The research took a deep dive into Brazil, Colombia, Argentina, Peru, Mexico and Bolivia to generate insights into the situation of young care leavers; the process of ageing out of formal child protection systems; and the policies, strategies and actions aimed at supporting this transition.

 

“Children leave the care system simply because they reach the age of 18. They wait for this moment, neither supported to be reintegrated into family… nor prepared for independent life”

 

Courageous and often forgotten children, adolescents and young people who have been separated from their families and lived in care bravely shared the challenges they faced, both while living in institutions and then during the transition to independent life at age 18.

“We aren’t prepared to face life. We are kept in a bubble and in reality that’s not how the society works”
Young woman in care, Colombia

“I entered the institution when I was 11 months old, I mean, I was a baby. Nobody told me anything… when I was growing up they didn’t tell me anything either, I just knew it. When the girls turned 18, they were gone”
Young care leaver, Mexico

 

 
As one care leaver explains in this video, children leave the care system simply because they reach the age of 18. They wait for this moment, neither supported to be reintegrated into family or alternative care before this age nor prepared for independent life when they reach adulthood.

 

“Children [were involved] throughout the research process—from research design to focus groups and developing the research recommendations”

 

With its membership of local NGOs and care leavers themselves, the Latin American Network of Care Leavers was in the ideal position to involve children throughout the research process—from research design to focus groups and developing the research recommendations. This participation drew on their unique knowledge about their lives, needs and concerns, and encouraged expression of their own ideas and views based on their direct experience. We know that such engagement also pays dividends in terms of personal development, tolerance and respect for others, and accountability… which all help to strengthen the capacity of children and young people and the social structures around them.

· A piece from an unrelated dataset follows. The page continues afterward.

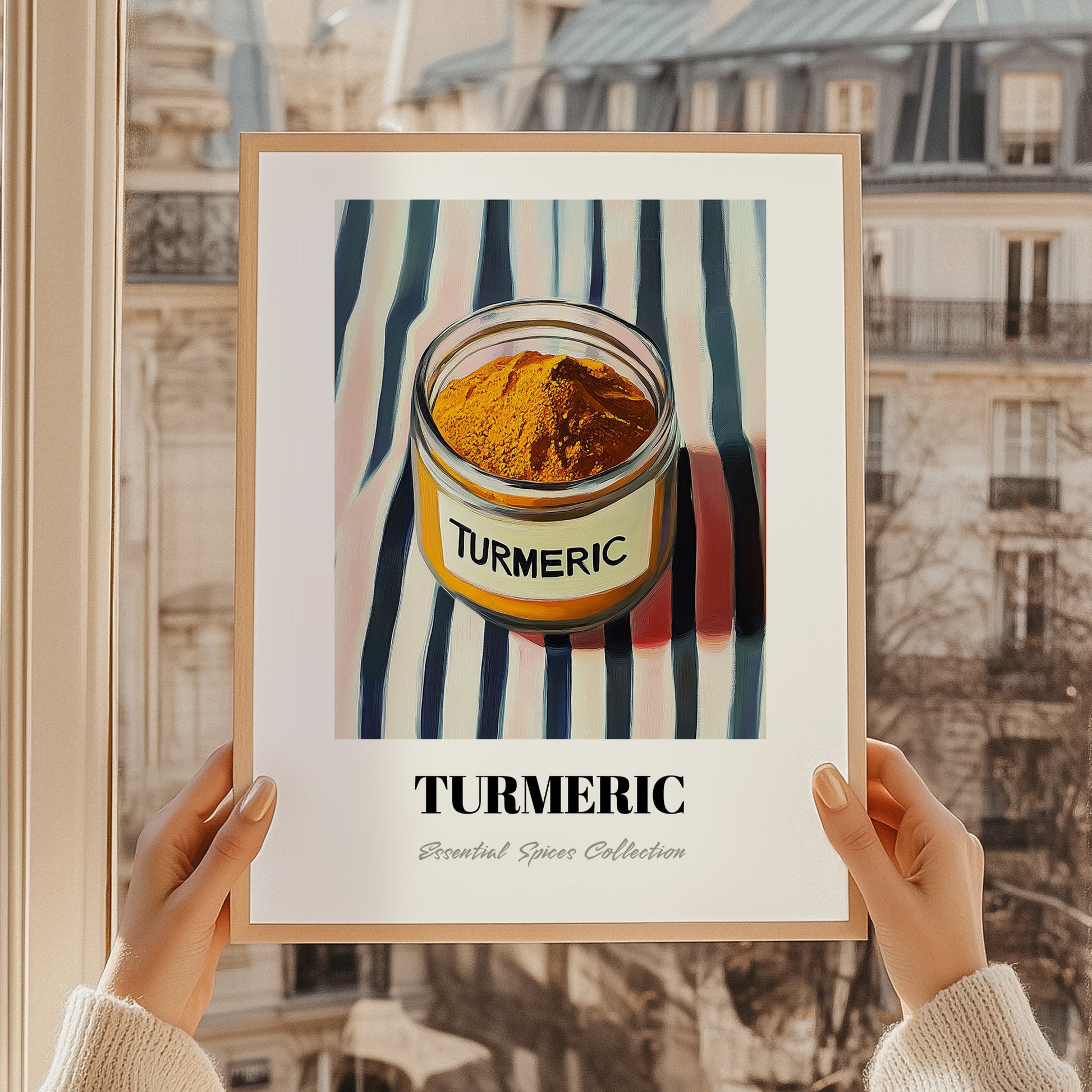 Turmeric – on Striped Tablecloth, Spices Illustration, styled in a charming Paris street view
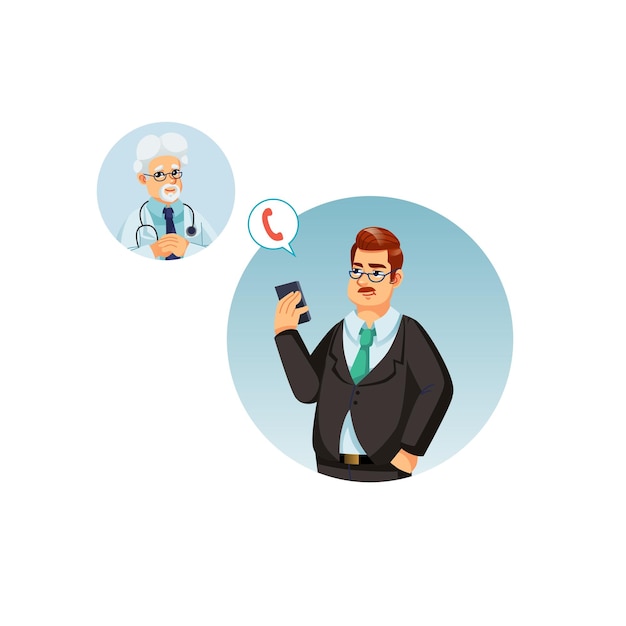 Flat cartoon character calls to doctor via mobile phonemedical treatment and therapy vector illustration concept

This culminated in August with the launch of Más Autonomía, Más Derechos (2020) (‘More Independence, More Rights’), the resulting report that brings the voices of children and adolescents to the fore. The virtual launch of the research saw young members of the network contribute to the discussion on public policies that support the transition from institutional care into independent living, and reflect on the contributions of this research in the context of the Coronavirus pandemic and the renewed challenges that alternative care systems face in Latin America.

 

“The idea that children and adolescents have nothing to tell us needs to be eradicated” Luis Pedernera, Chair of the Committee on the Rights of the Child, United Nations

 

The research process helped young care leavers find their voices. Now, together with UNICEF and local NGOs, these powerful advocates are speaking directly to their governments to make their experiences visible and to make a change. Their perspectives must drive the urgency and priorities for deep reform to child care and protection systems in Brazil, Colombia, Argentina, Peru, Mexico and Bolivia; across Latin America; and indeed, globally. Their experience shows that institutional care does not meet the best interests of the child and must be phased out as we move towards family strengthening and family and community-based solutions.

This research brings life to the urgency of upholding children’s rights and implementing the UN Guidelines on Alternative Care. Luis Pedernera, the Chair of the Committee on the Rights of the Child, spoke to young care leavers during the launch to highlight how the UN seeks to improve child protection and care systems. His message was clear: “The idea that children and adolescents have nothing to tell us needs to be eradicated.”

Having spent the past five years working with governments and NGOs across Latin America to build new pathways for the care and protection of children, I know all too well that children and young people are often left out of the debate. The courage of these children and young people to speak up has inspired me. They are orienting their national governments and other decision makers on the way forward. It is our responsibility to listen.